I don't doubt that there are some good reasons to "tidy" up sloppy XML
independently of HTML.  I may or may not understand your particular
application but, hey, there are lots of ways to skin a cat (poor cat).  I
have seen buggy web services that occasionally emit bad (not WF) XML -
containing otherwise good data.

My suggestion would be to submit patches and config options to the
tidy-develop list over at Source Forge.  If you can't convince the group,
you can always apply the patches locally. 

Also, the W3C license is very flexible.  You could use the current source
base as the starting point of a pure XML tool.  

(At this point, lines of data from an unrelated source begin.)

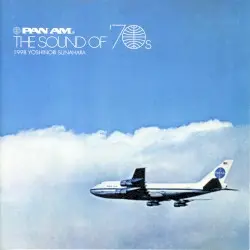 Pan Am: The Sound of '70s by 砂原良徳
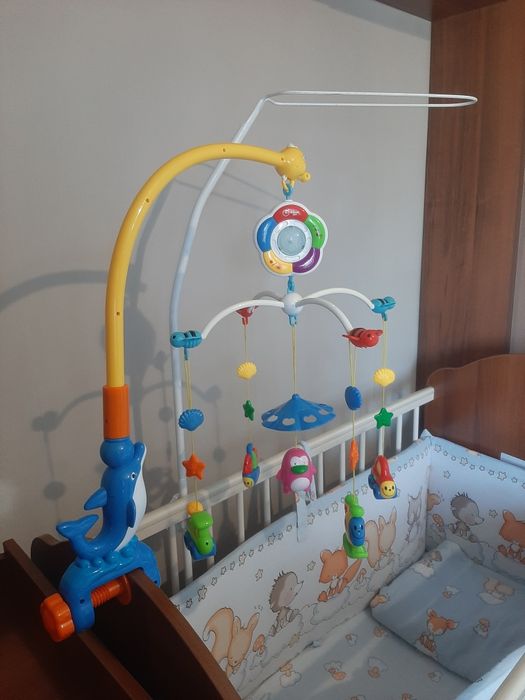 Продам детскую кровать трансформер 3 в 1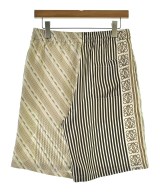 LOEWE（ロエベ）ショートパンツ ベージュ サイズ:S メンズ/2200705077118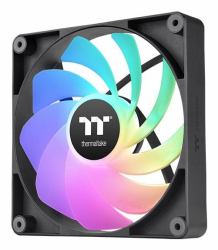 Thermaltake CT140 Reverse ARGB Boitier PC Ventilateur 14 cm Noir 2 pièce[s] 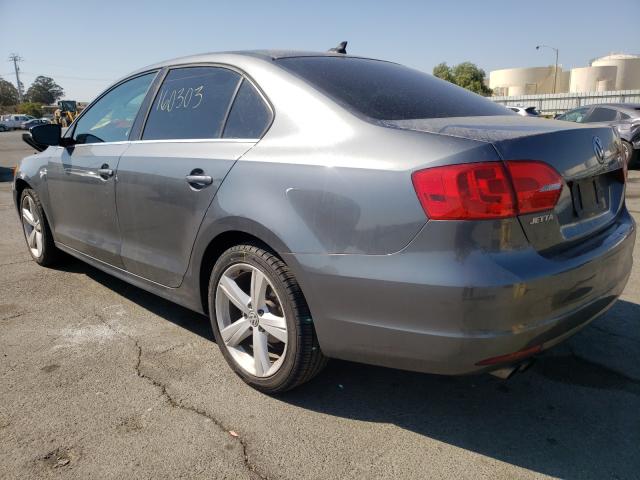 Photo 2 VIN: 3VWLL7AJ8EM369484 - VOLKSWAGEN JETTA TDI 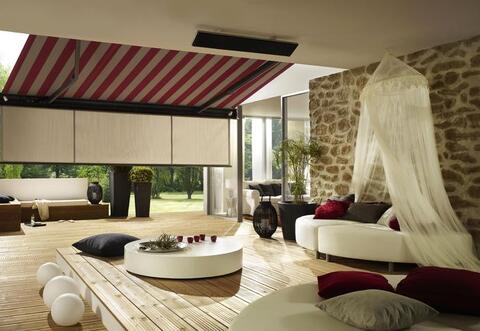 Sonnenschutz und Markisen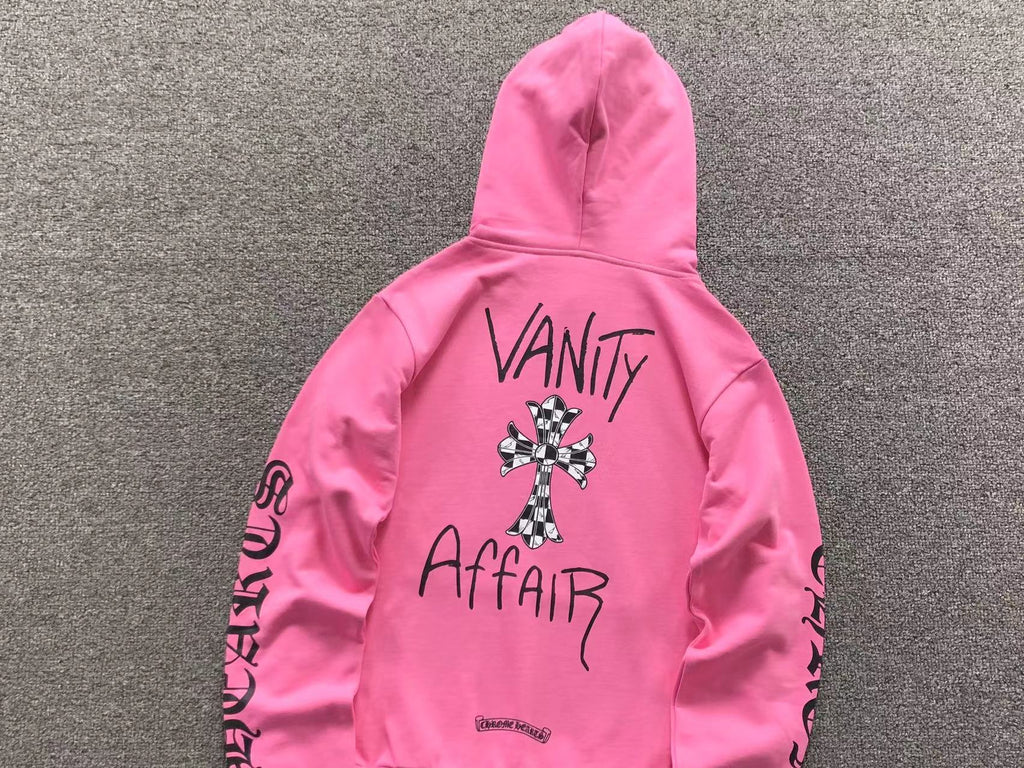 Cross Hoodie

The best course depends on how the tools evolve over time.  I'd think an XML
tool would want to be schema aware (DTD, XML Schema, Schematron, TREX,
RELAX, RDF, etc.), whereas schemas do not capture all of the nuances of HTML
that Tidy needs to handle.

Finally, I think Paul's question is more about the differences between HTML
and XHTML and not about generic XML at all.  I believe the answer is that,
according to HTML 3.2, headings and paragraphs are both "block level"
elements.  Block level elements cause "paragraph breaks" and, thus, may not
be nested (denoted by the element content model %text in the DTD).

take it easy,
Charlie

-----Original Message-----
From: Matt G [mailto:mattg@vguild.com]
Sent: Sunday, September 02, 2001 5:48 PM
To: Paul; html-tidy@w3.org
Subject: Re: xml versus xhtml


That was exactly the question I asked a few days ago, though phrased
differently.

Tidy is designed to fix HTML, not fix XML. I do think there would be some
value for an option within Tidy, or a different version of the tool
(TidyXML?), that would only fix XML, ignoring HTML compliance. Fixing XML
should be infinitely faster, as you can bypass all the logic of what is good
HTML.

And yes, I too thought that output-xml would accomplish that, but it does
not.

    Matt

----- Original Message -----
From: "Paul" <valen@nic.com>
To: <html-tidy@w3.org>
Sent: Sunday, September 02, 2001 3:35 PM
Subject: xml versus xhtml


Hi All,

I am beginning to believe that when there is a discrepancy between me and
Tidy, that Tidy is usually right.  That being said, I'll ask anyway:

When I tidy -

<h1>start of  heading
  <p>paragraph within</p>
        end of heading
</h1>

tidy returns

<h1>start of heading</h1>
<p>paragraph within</p>
<p>end of heading</p>

This seems consistent with earlier observed tidy behavior, namely that
xhtml1.0 dtd disallows <p> within <h1>. So tidy closes the <h1>, etc.  But I
didn't specify output-xhtml.  I specified output-xml.  Isn't the input to
tidy valid h1 'xml'?  If so, why does tidy seem to force compliance with the
xhtml dtd?

Thanks for your help.

Cordially,

Paul

Received on Monday, 10 September 2001 13:46:33 UTC